Plastic transistors have long been sought to lower the cost of semiconductor manufacturing by allowing roll-to-roll presses to print organic materials of flexible substrates at room temperature and at normal atmospheric pressures, rather than require a vacuum and thousand degree temperatures like silicon chips. Unfortunately, the resulting performance of plastic transistors has been poor. Now the Georgia Tech researchers think they may have hit on a way to have the best of both worlds.
The key to success, according to professor Bernard Kippelen, director of Georgia Tech's Center for Organic Photonics and Electronics, was crafting a novel interface between two stacked gate dielectrics. The material consists of a fluorinated polymer using using C–C, C–F and C–O bonds called Cytop and a high-k metal-oxide laid down with atomic layer deposition.

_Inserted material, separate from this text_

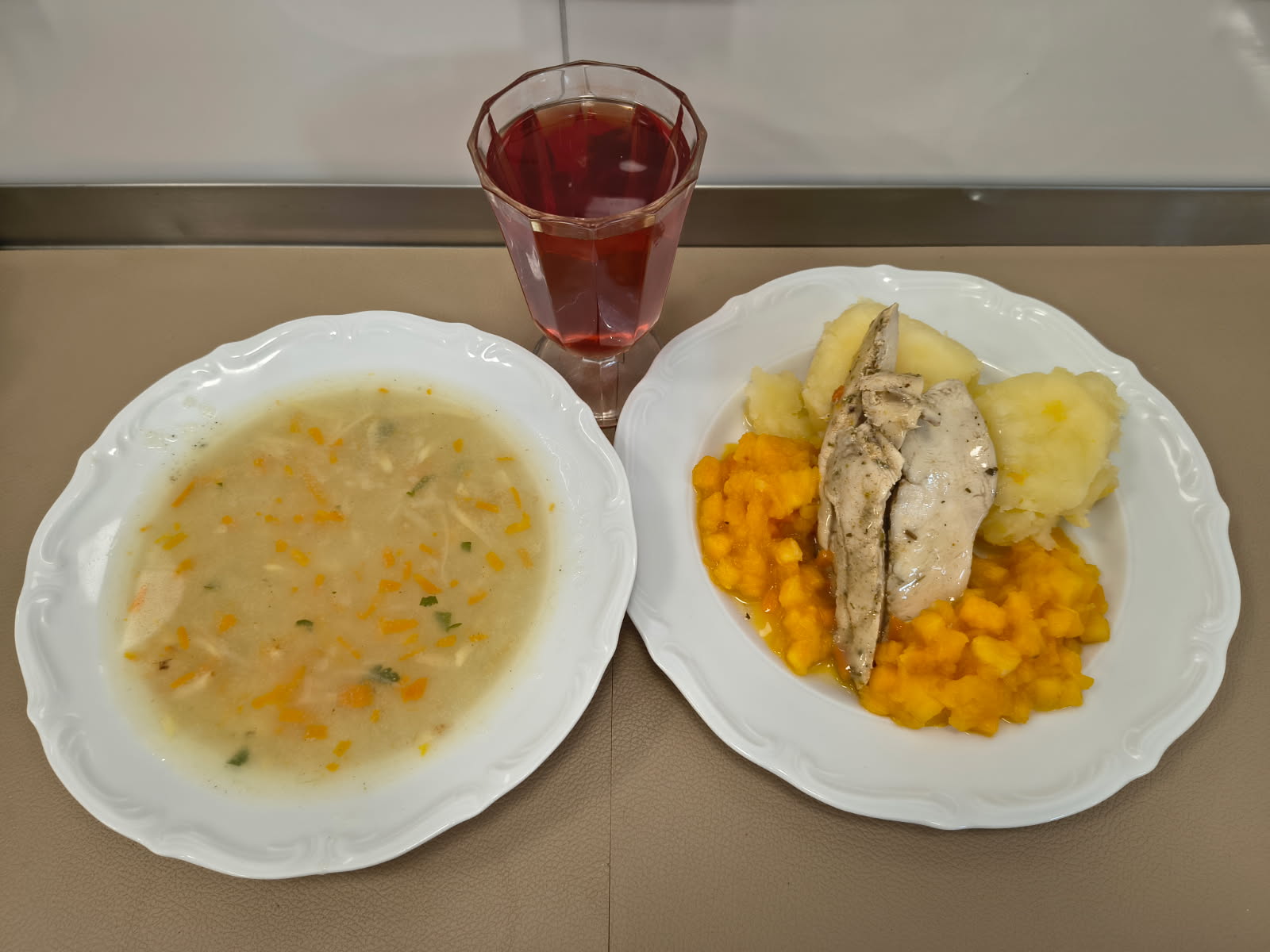 dobry posiłek - obiad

"Rather than using a single dielectric material," said Kippelen. "We developed a bilayer gate dielectric." He performed the work with researchers Do Kyung Hwang, Canek Fuentes-Hernandez, Jungbae Kim, William Postcavage, and Sung-Jin Kim.

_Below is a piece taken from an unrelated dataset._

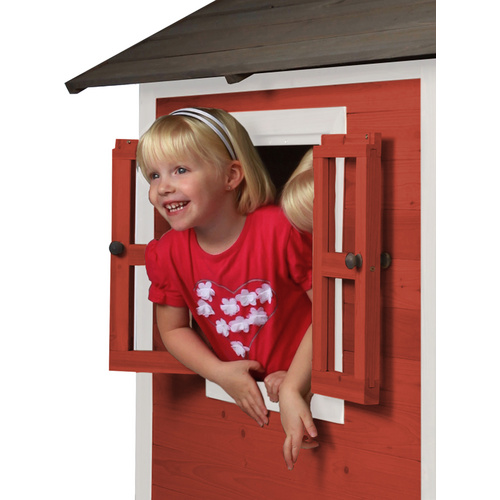 AXI Kinderspielhaus »Lodge«, BxHxT: 11...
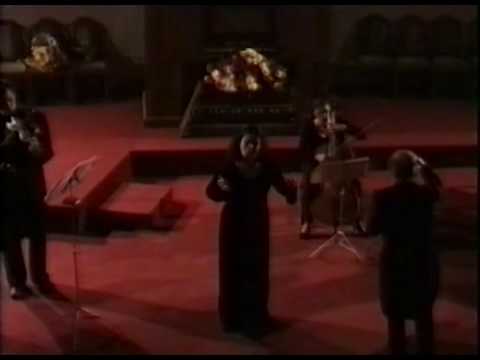 Anna Mayilyan.  Komitas  -  Ach,  dear Maral (Ach, maral djan )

Georgia Tech expects future plastic transistors on flexible substrates to be enabled by a novel bilayer gate dielectric.
The Cytop layer forms with extremely few defects at the interface with the organic semiconductor, but has a low dielectric constant therefore requiring a high turn-on voltage for a plastic transistor. The high-k material has low-voltage electrical characteristics, but is leaky due to many defects at the interface. But by stacking the two materials, the team was able to have the best of both worlds.

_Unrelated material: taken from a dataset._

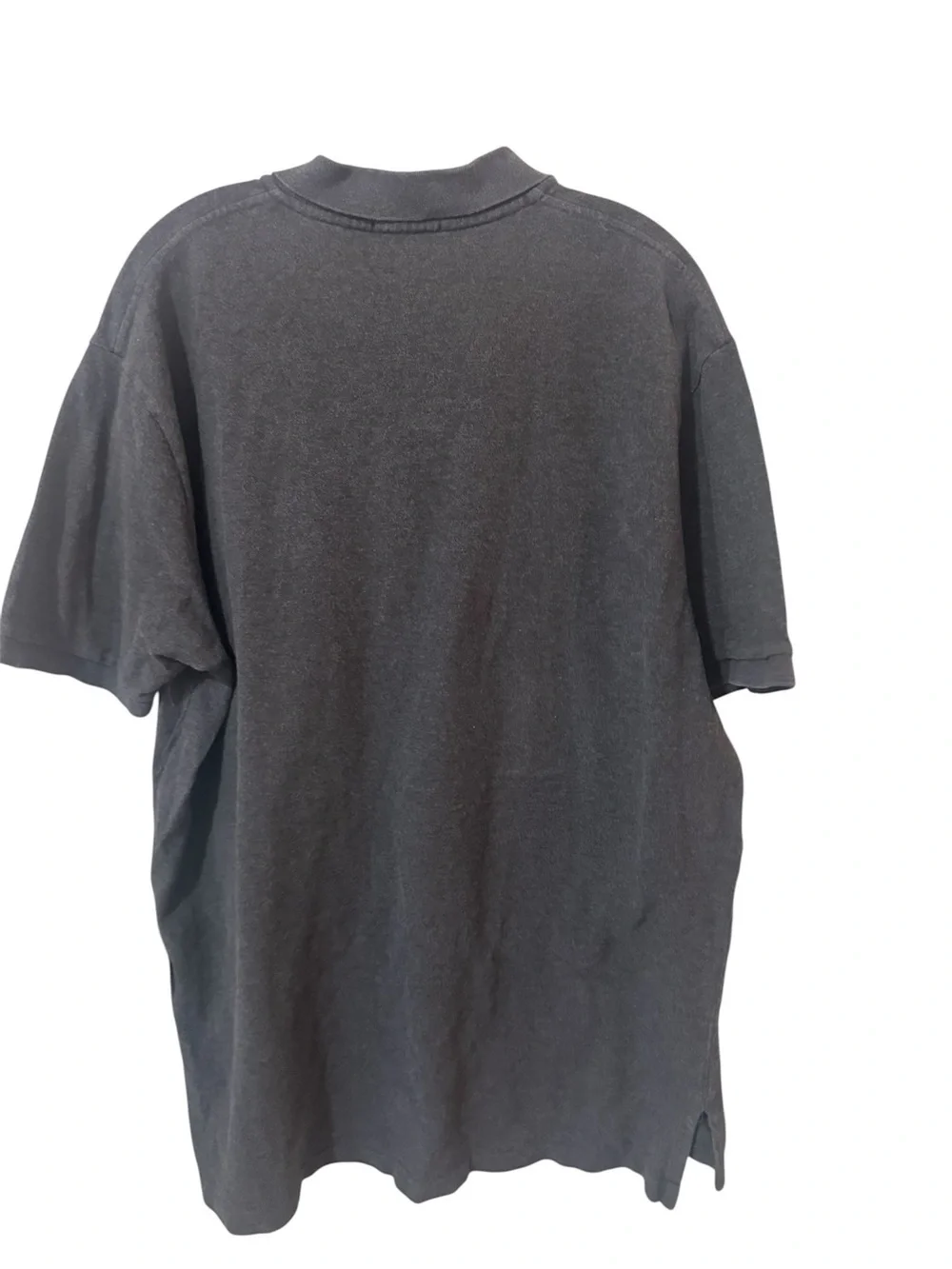 Polo by Ralph Lauren Men's Dark Gray Classic Polo Shirt size XXL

"We have two different degradation mechanisms that happen at the same time, but the effects are such that they compensate for one another," said Kippelen.
The team has been cycling transistors made from the material over 20,000 times with no degradation is its low-voltage high-current carrying capability, compared to previous plastic formulations.
The team is currently transferring the material from its glass-substrate test-bed to a flexible polymer substrate manufactured below 150 degrees Celsius. If all goes well, the next step will be using ink-jet printing to perform the actual deposition. Funding for Georgia Tech project was provided by the Office of Naval Research, the National Science Foundation and Solvay SA.